Они лежали голые поверх постельного покрывала, их одежда была разбросана по полу рядом с почти пустой бутылкой виски.
— Ты имеешь в виду эту живопись? — Юлия лениво подняла колено и показала кровоподтек на внутренней стороне бедра.
— Я имею в виду, что в этом нет никакой цели и никакого смысла, кроме чистого кайфа, — ответила Вальтро.
— А чего, кроме кайфа, хотят все люди, которые трахаются сейчас по всему миру? — удивилась Юлия.
— Мужчина и женщина могут зачать ребенка, — сказала Вальтро.
— Ты думаешь, твои родители имели в виду тебя? — расхохоталась Юлия. — Каждый человек — это побочный продукт удовольствия. Если ему повезет, его смоют в унитаз сразу. А если не повезет, то через целую жизнь.
— Мне нравится твой оптимизм, — сказала Вальтро.
— Мне тоже, — сказала Юлия, — поэтому, раз уж я здесь, я буду получать кайф, имеющий смысл в самом себе. Это намного честнее, чем смывать плоды в унитаз.
— Это принцип чистого искусства, — задумчиво заметила Вальтро, — не имеющего никакой цели, кроме самого себя. Но некоторые называют это извращением.
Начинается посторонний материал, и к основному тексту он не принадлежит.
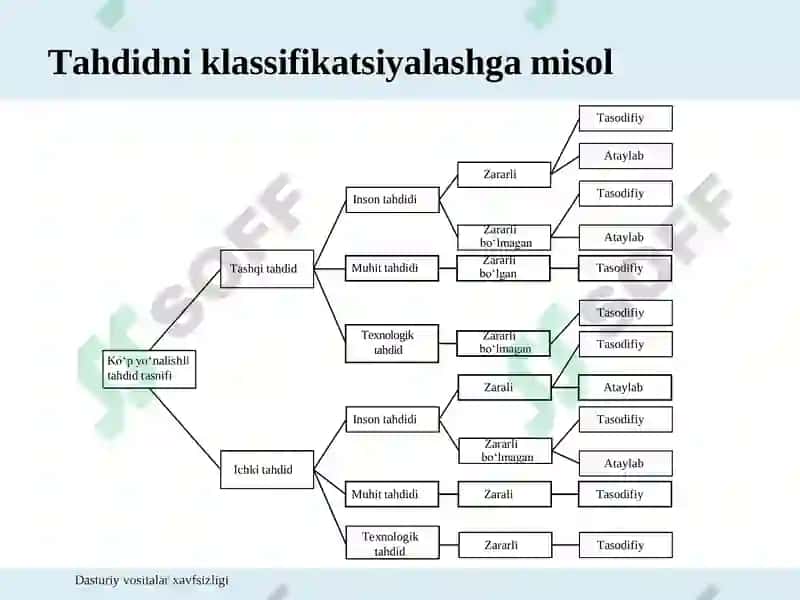 Dasturiy vositalar xavfsizligi 5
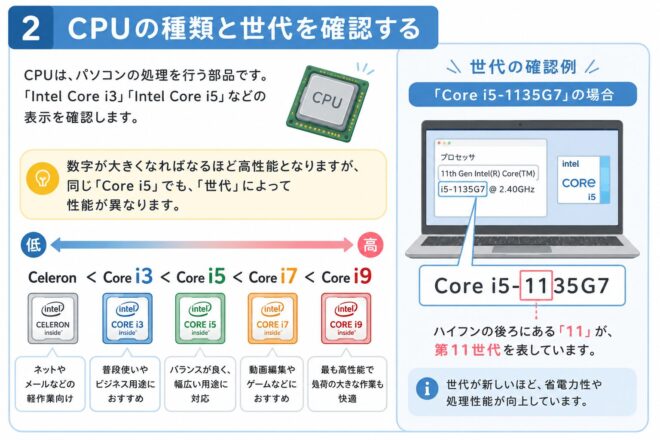 初心者必見🔰】中古パソコンの選び方 失敗しない為に | 中古パソコン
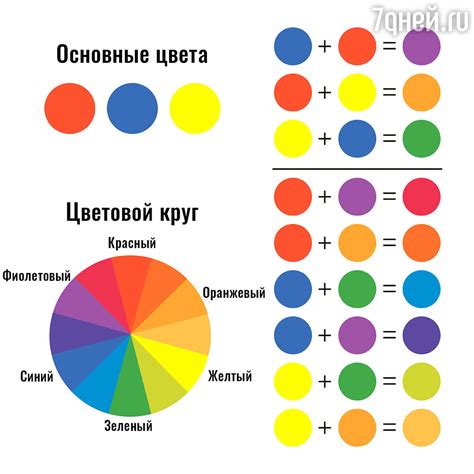 Примеры работ с использованием смешивания акриловой краски и жидкого стекла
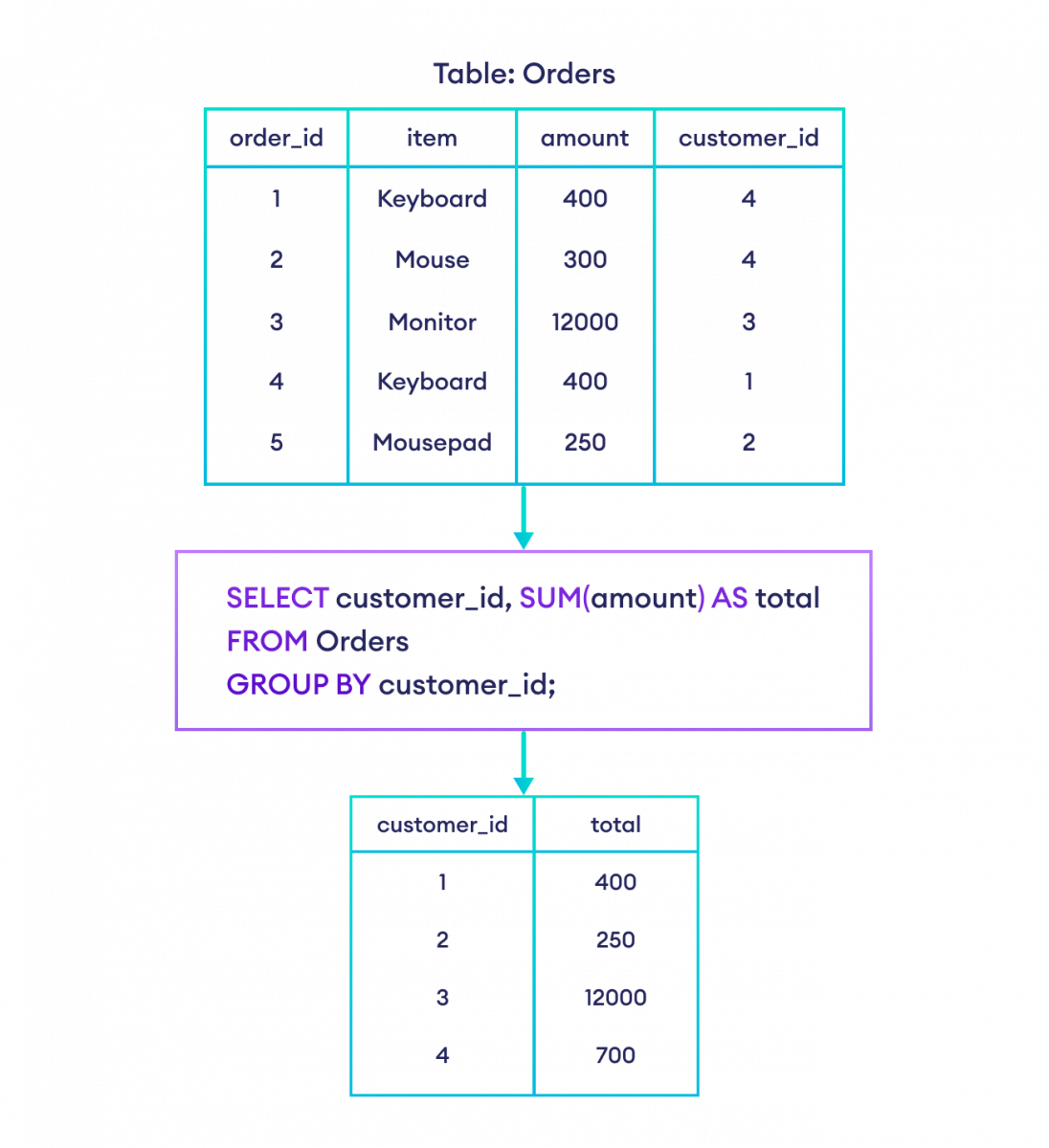 How to use GROUP BY clause in SQL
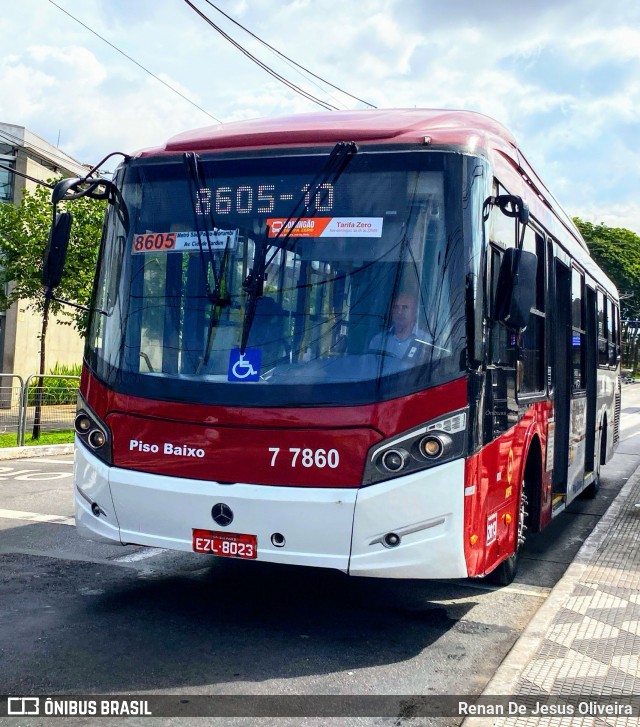 KBPX Administração e Participação > Transkuba 7 7860 na cidade de São Paulo, São Paulo, Brasil, por Renan De Jesus Oliveira. Número da foto: #13211998.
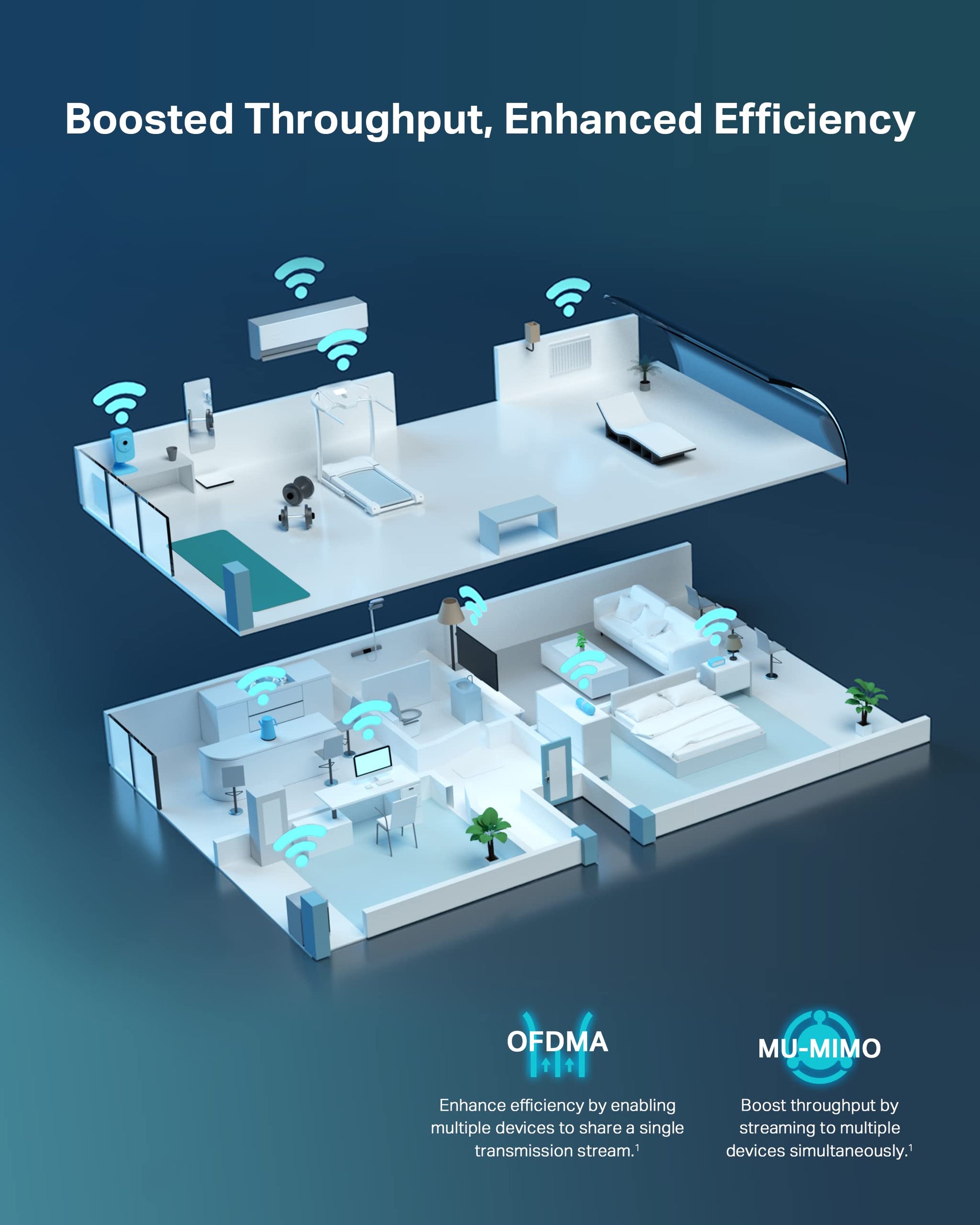 Router Wi-Fi AX6000 TP-Link Blanco Dual Band con OneMesh y Ap Mode, Cobertura de Largo Alcance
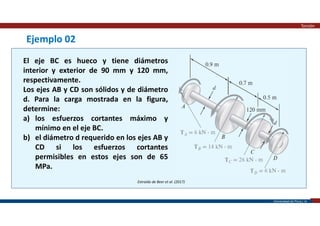 Universidad de Piura | 18
Extraído de Beer et al. (2017)
Ejemplo 02
El eje BC es hueco y tiene diámetros
interior y exterior de 90 mm y 120 mm,
respectivamente.
Los ejes AB y CD son sólidos y de diámetro
d. Para la carga mostrada en la figura,
determine:
a) los esfuerzos cortantes máximo y
mínimo en el eje BC.
b) el diámetro d requerido en los ejes AB y
CD si los esfuerzos cortantes
permisibles en estos ejes son de 65
MPa.
Torsión
 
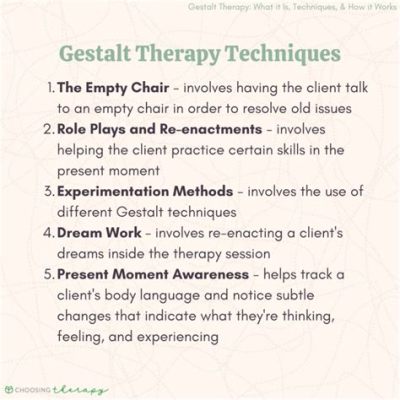  Gestalt Therapy: A Brazilian Canvas of Self-Discovery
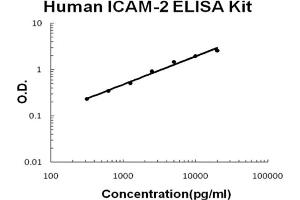 Human ICAM-2 Accusignal ELISA Kit Human ICAM-2 AccuSignal ELISA Kit standard curve.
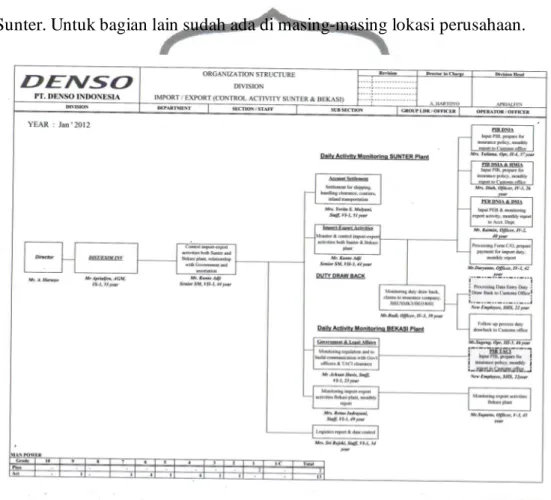 Gambar 3.3 Struktur Divisi Ekspor-Impor. Sumber: Dokumen PT Denso Indonesia 
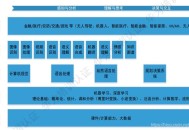 深圳学校历史AI教学,人工智能的发展历史分为哪三   深度学习阶段？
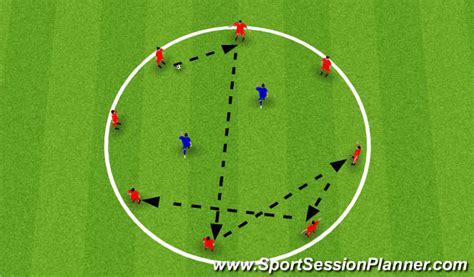 Football/Soccer: Structuring a session 1  Tactical ...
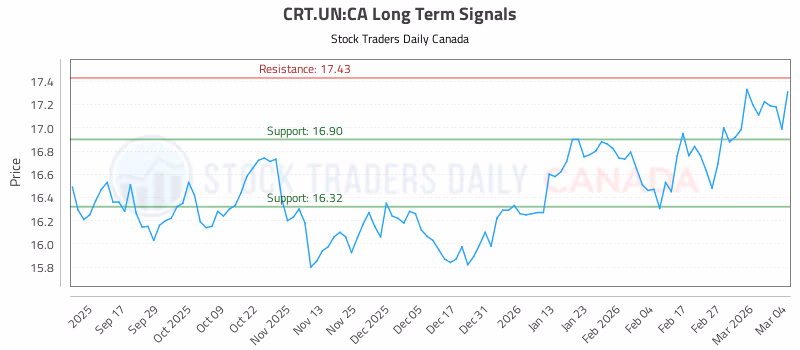 Stock Chart for CRT.UN:CA
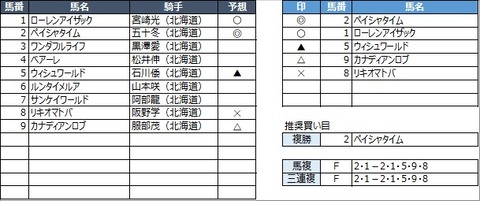 20210916門別11R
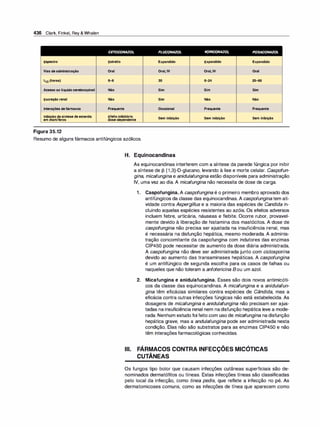 Farmacologia ilustrada 5° ediçao.pdf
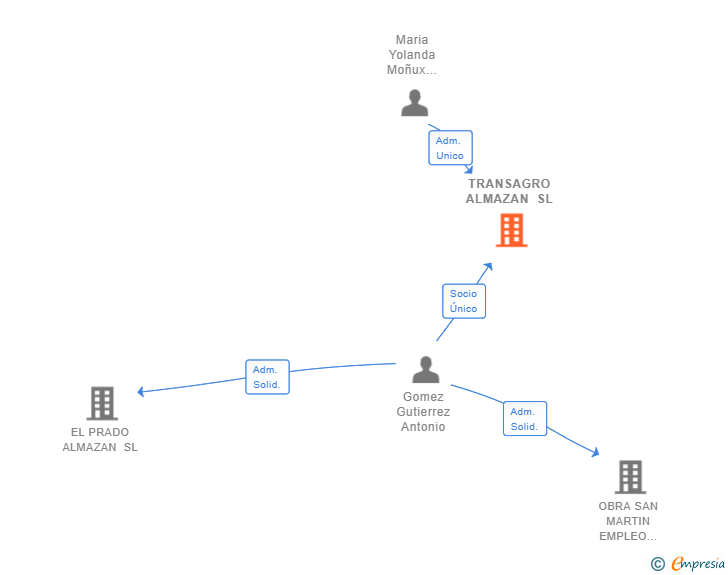 Vinculaciones societarias de TRANSAGRO ALMAZAN SL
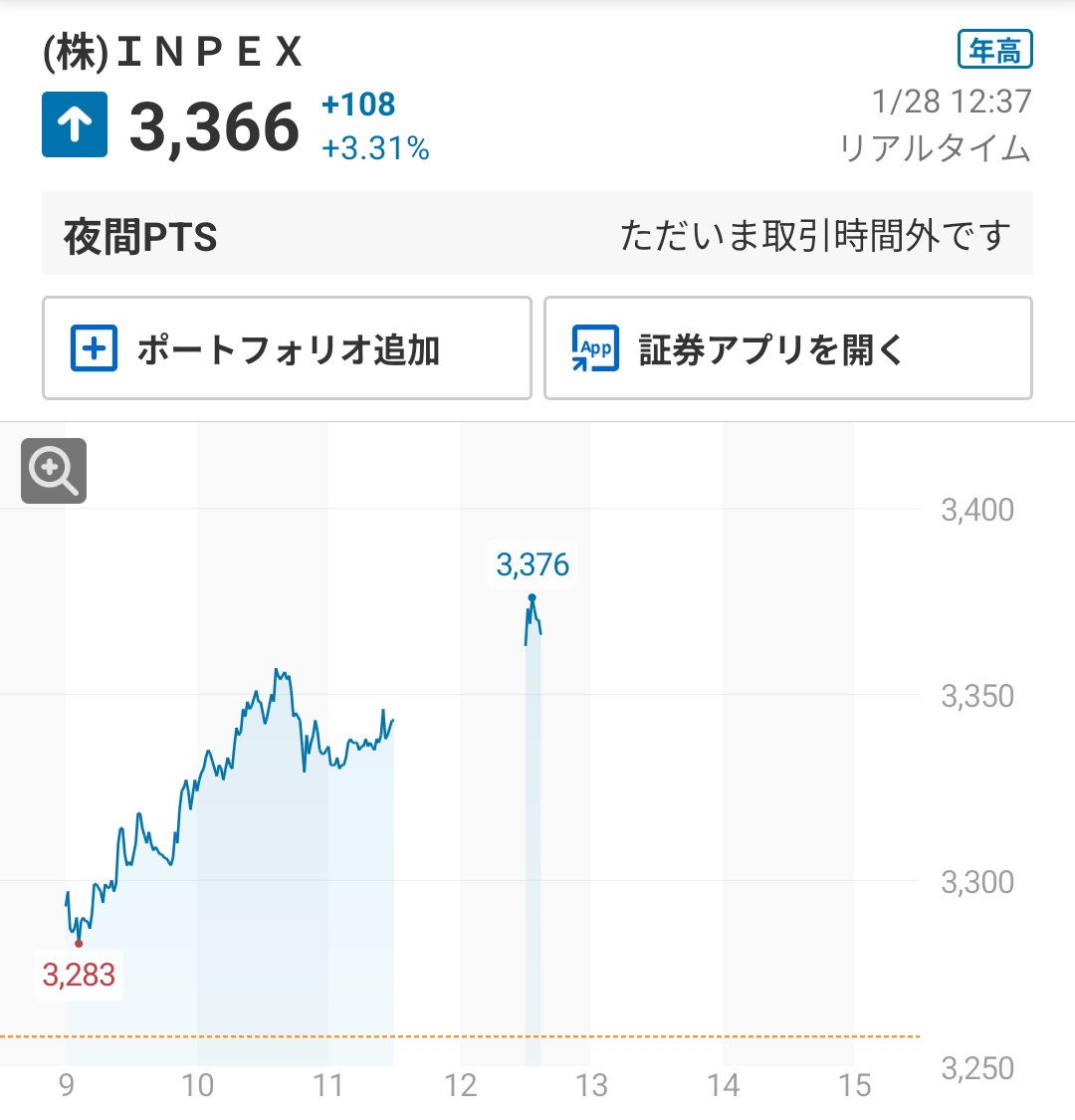 INPEX強し😊 金価格も最高潮✨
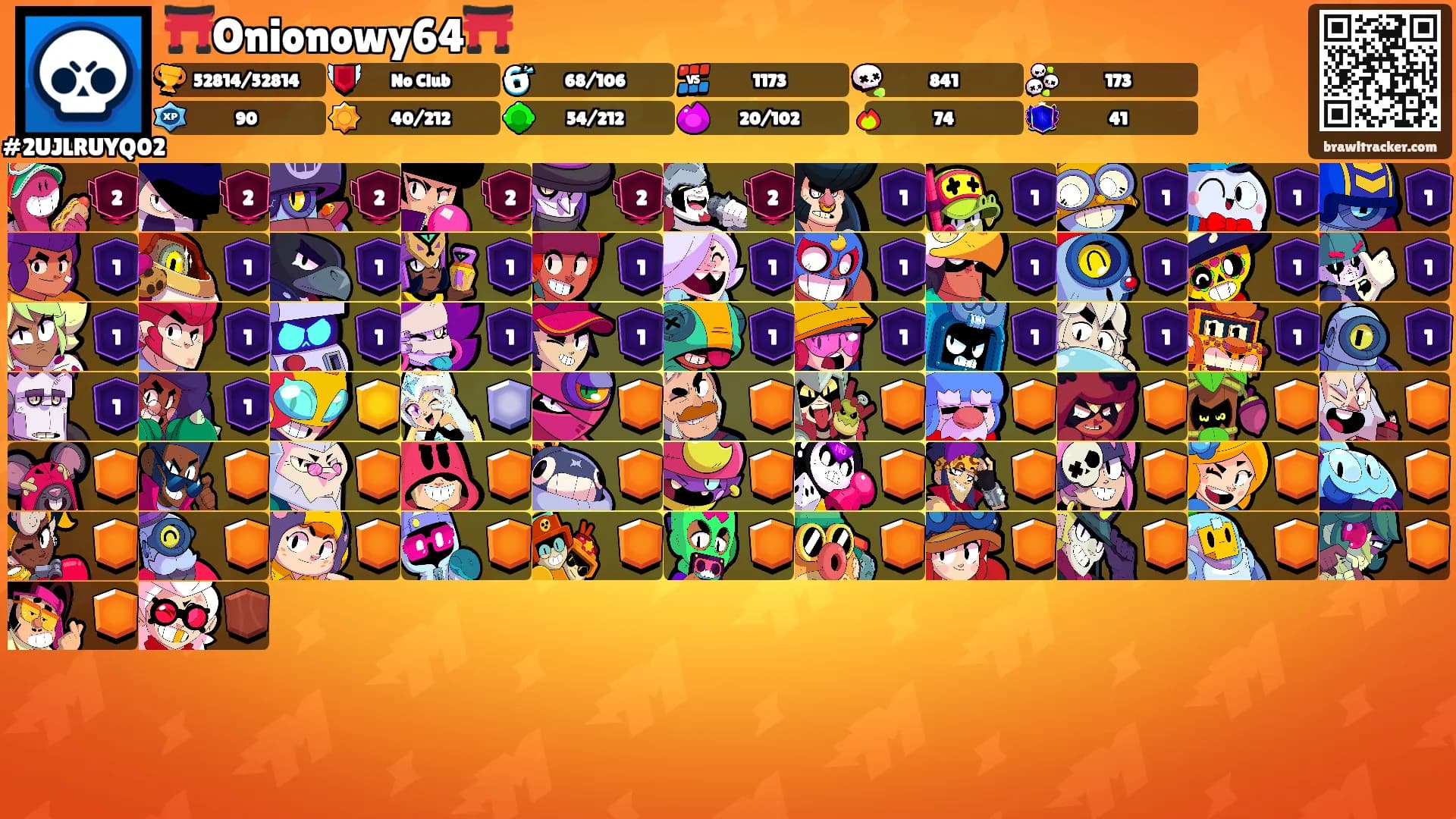 ⛩️Onionowy64⛩️'s Ranks
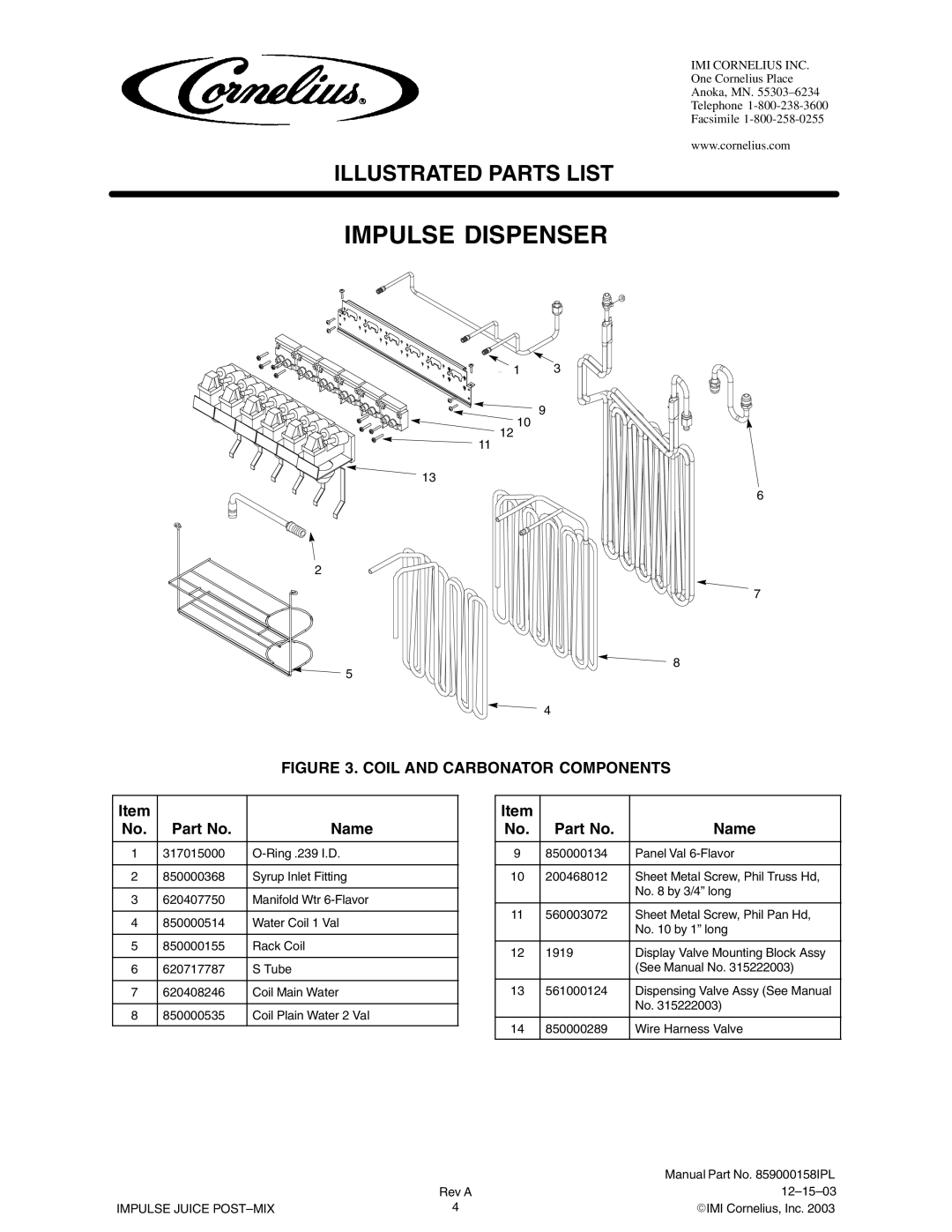 Panasonic 851000321, 851000110, 851000319, 851000109, 851000320 manual Coil and Carbonator Components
— Некоторые дергают за ручку унитаза, — злобно отозвалась Юлия, — и называют это социальной справедливостью. Извращение — это плодить детей, которые сдохнут на помойке. Нас обеих выбросили голыми жопами на лед и напрочь отбили способность к деторождению. Но мы выжили, и все, что мы можем сделать, — это не отдать им своих детей, чтобы их убили на войне или превратили в рабочий скот. Так давай жить дальше и рвать, чем Бог послал, их детей, которые сожрали наших, — Юлия крепко хлопнула себя ладонью между ног, — и плевать и на их справедливость и на их сраные понятия. — Она подхватила с полу бутылку и одним глотком допила виски.
— Слушай, давай погоняем на мотоцикле, а?
— Мы сильно под газом, — сказала Вальтро.